• [DATA PROVIDED]:
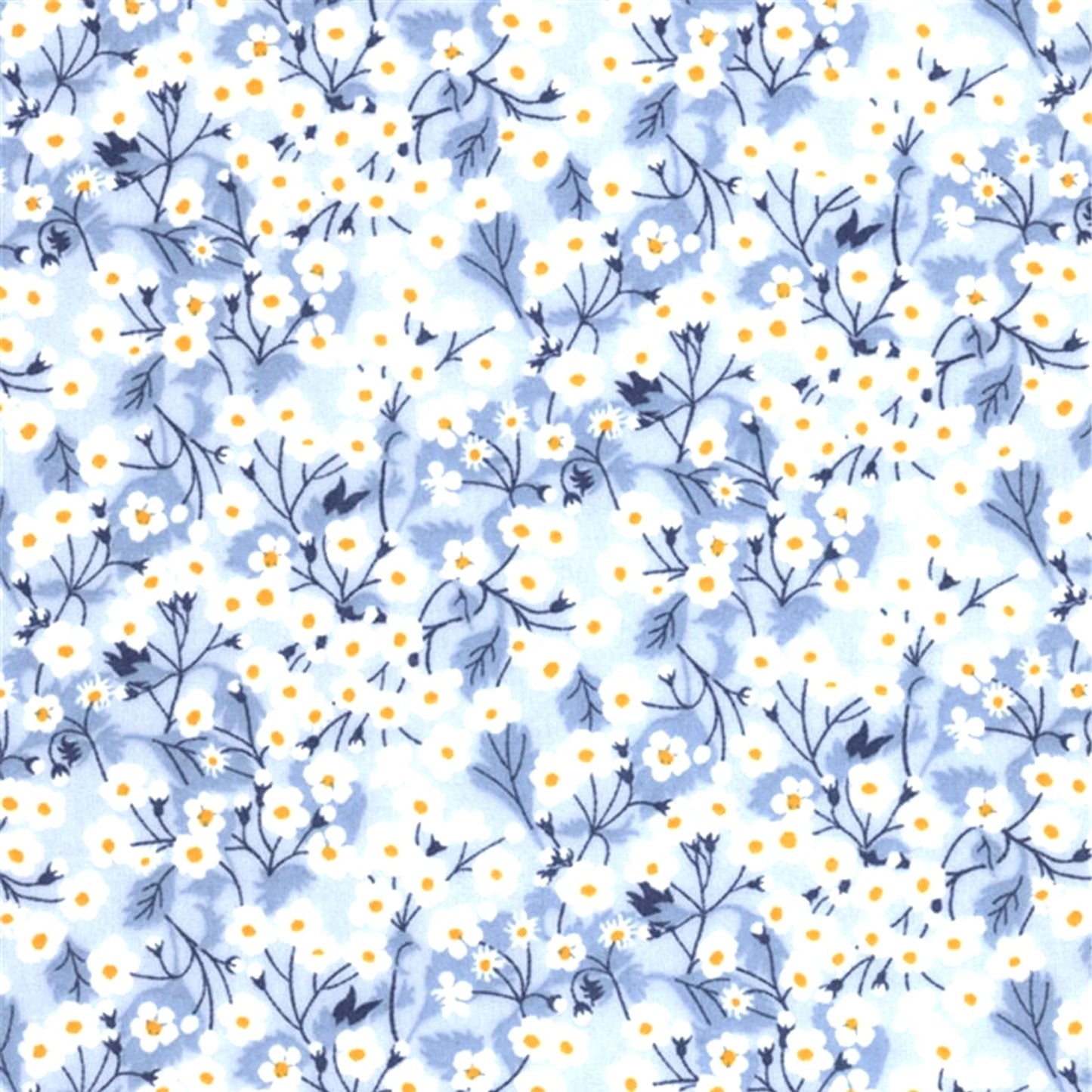 Liberty Tana Lawn Fat Eighth Mitsi Valeria blue floral cotton fabric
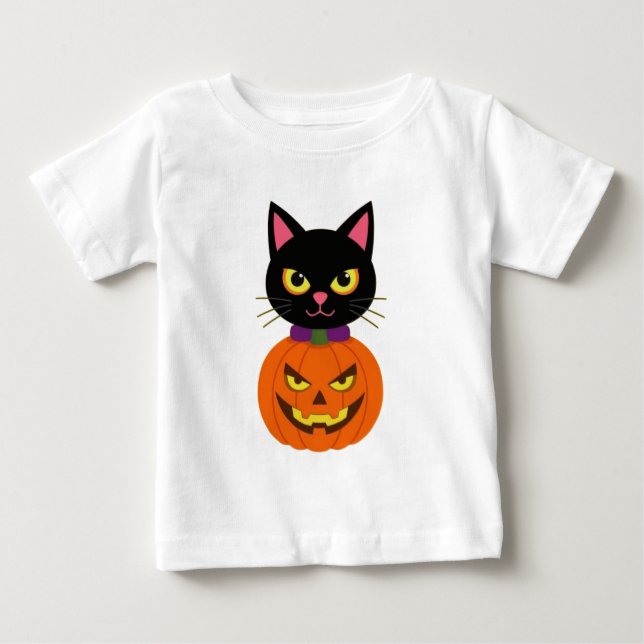 Camiseta De Bebé Halloween de Black Cat & Jack-O'-Lantern espeluzna (Anverso)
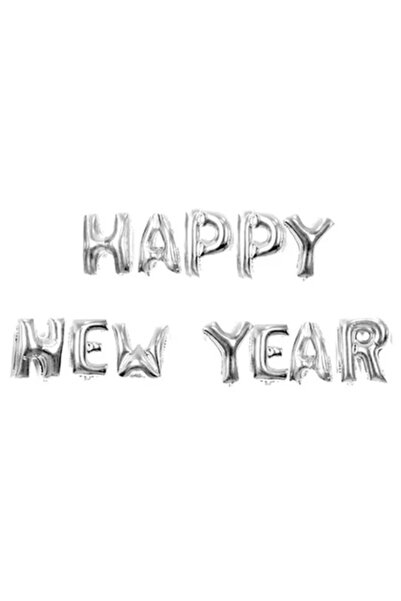 Domi Party & Gifts Letter balloon set, 'Happy New Year', Silver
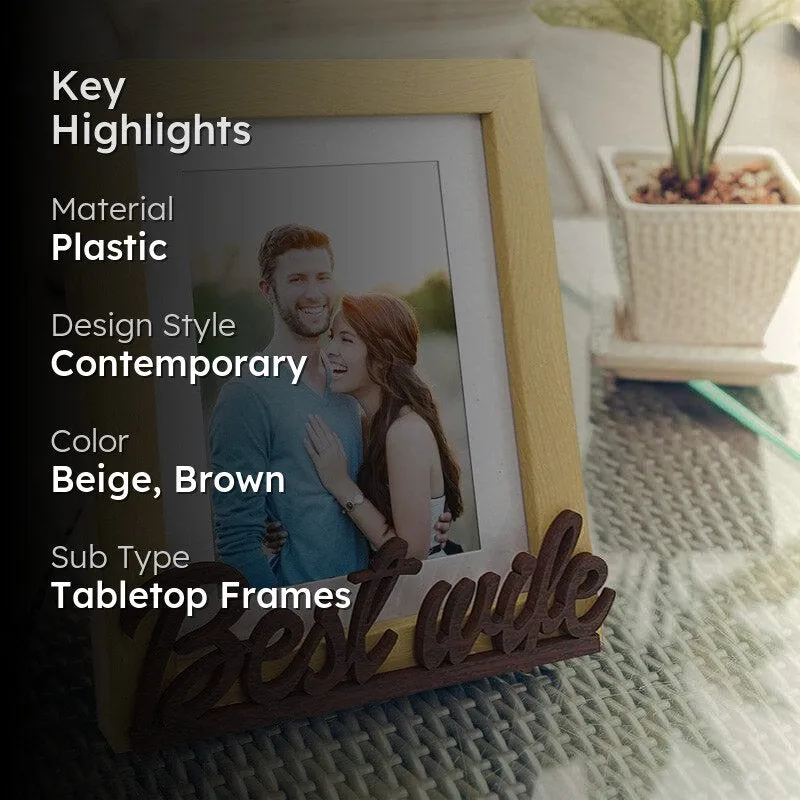 Best Wife Table Photo Frame - Beige media 2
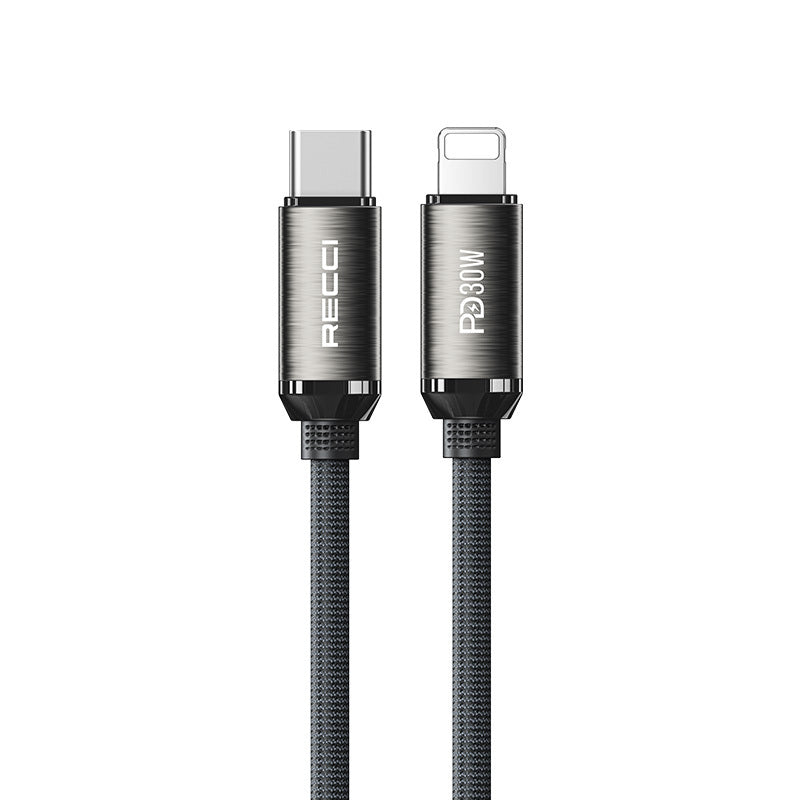 Recci RS35CL Type-C to Lightning PD 30W Örgü Tasarımlı Hızlı Şarj Özellikli 1 Metre Data ve Şarj Kablosu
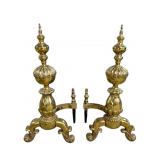 PR OF OVERSIZED POLISHED BRASS ANDIRONS
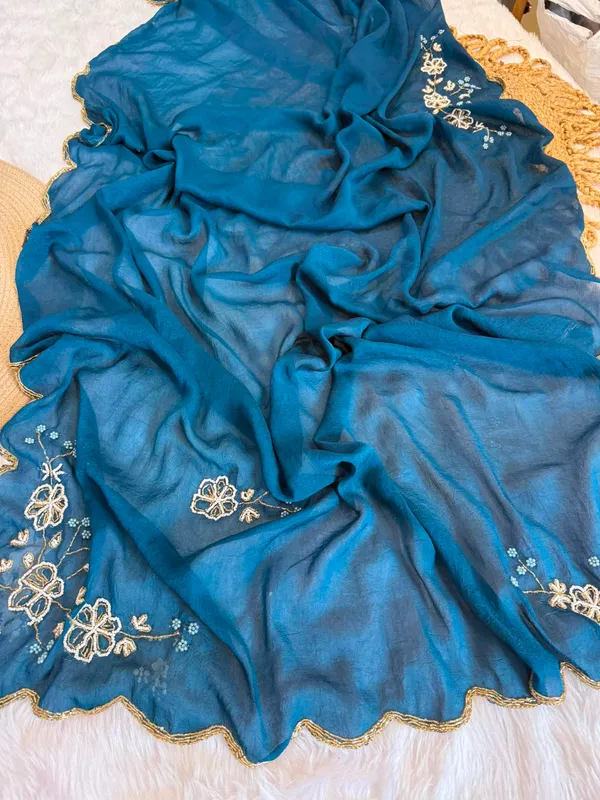 Rama_Chocolate_Silk_Handwork_Saree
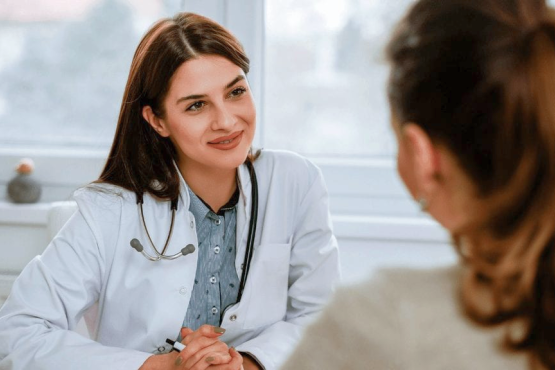 Female doctor in white coat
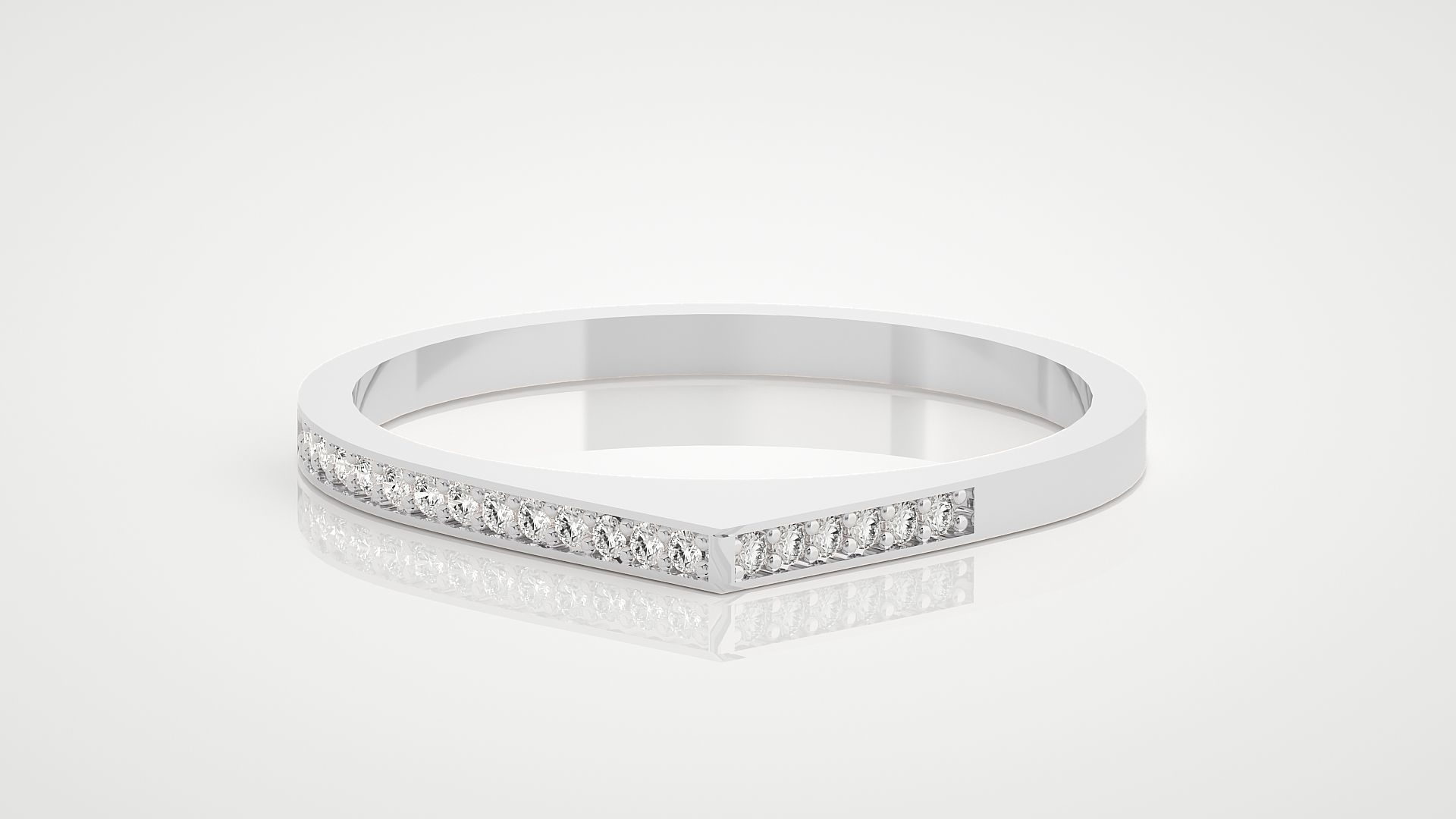 Ultra Light wt minimalist diamond band ring 3dm stl renders 3D print model_3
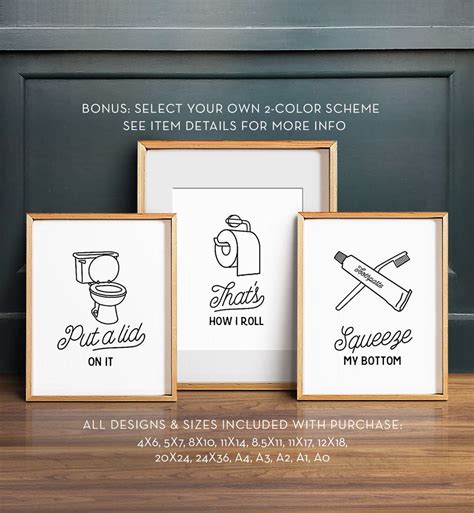 Funny wall art Bathroom art PRINTABLE art Set of 3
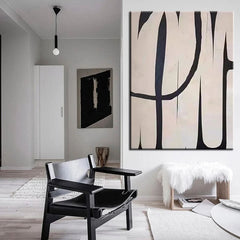 Rollercoaster-Minimalist Black & White Abstract Wall Art – Geometric Line Modern Decor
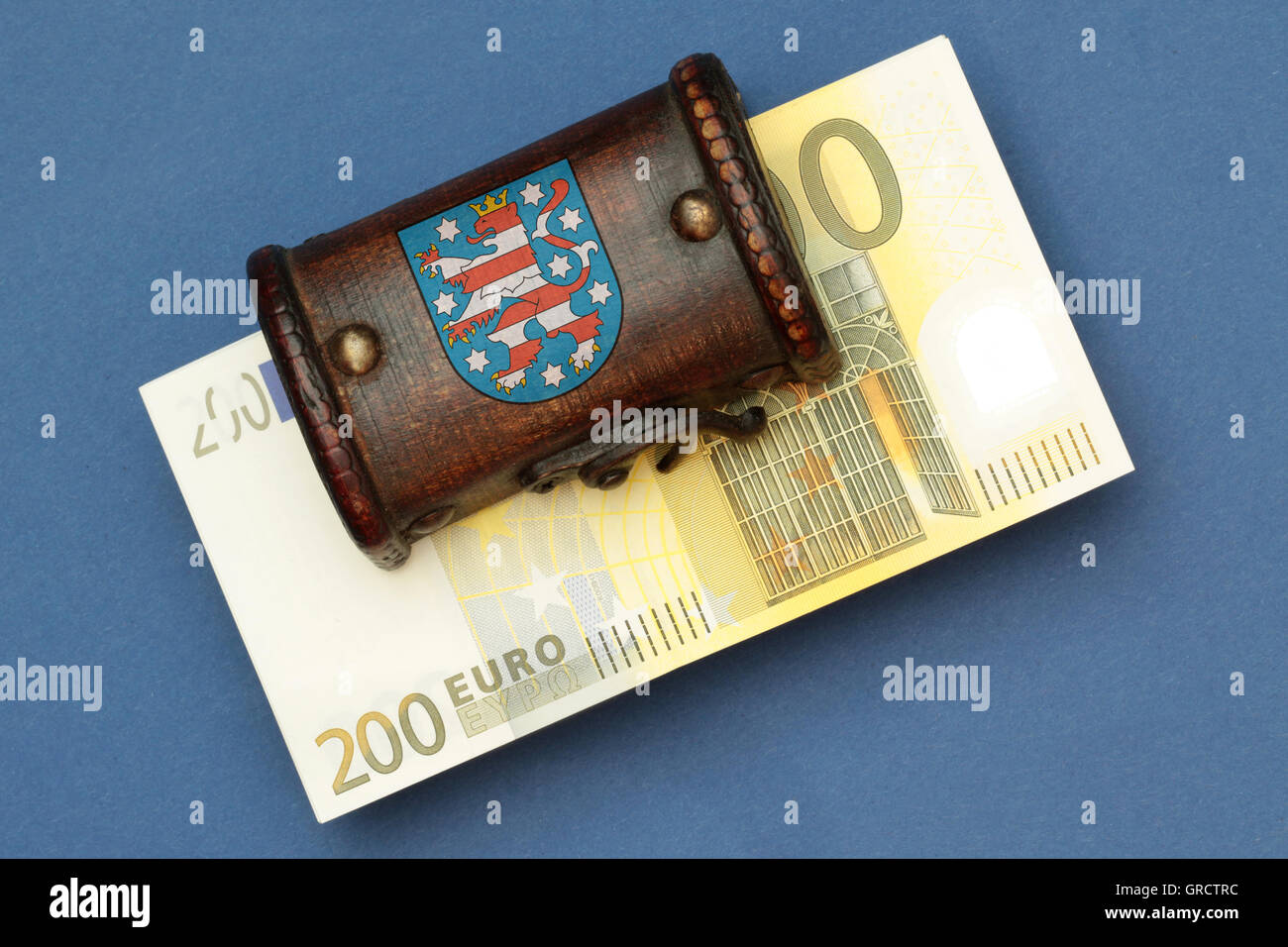 Treasure Chest With Seal Of State Thuringia And Euro Bills Stock Photo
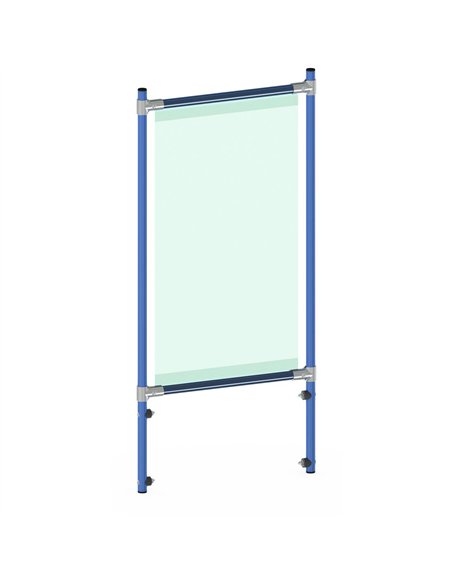 Armature de protection en tant que kit pour de nombreux équipements fetra. Ossature en tube d‘acier à boulonner, avec revêtement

• [YOUR ASSIGNMENT]: Begin at the line containing "Female doctor in white coat" and restate exactly every line through the end of the material, skipping the pictures.

• [SOLVED EXERCISE]:
 Female doctor in white coat
 Ultra Light wt minimalist diamond band ring 3dm stl renders 3D print model_3
 Funny wall art Bathroom art PRINTABLE art Set of 3
 Rollercoaster-Minimalist Black & White Abstract Wall Art – Geometric Line Modern Decor
 Treasure Chest With Seal Of State Thuringia And Euro Bills Stock Photo
 Armature de protection en tant que kit pour de nombreux équipements fetra. Ossature en tube d‘acier à boulonner, avec revêtement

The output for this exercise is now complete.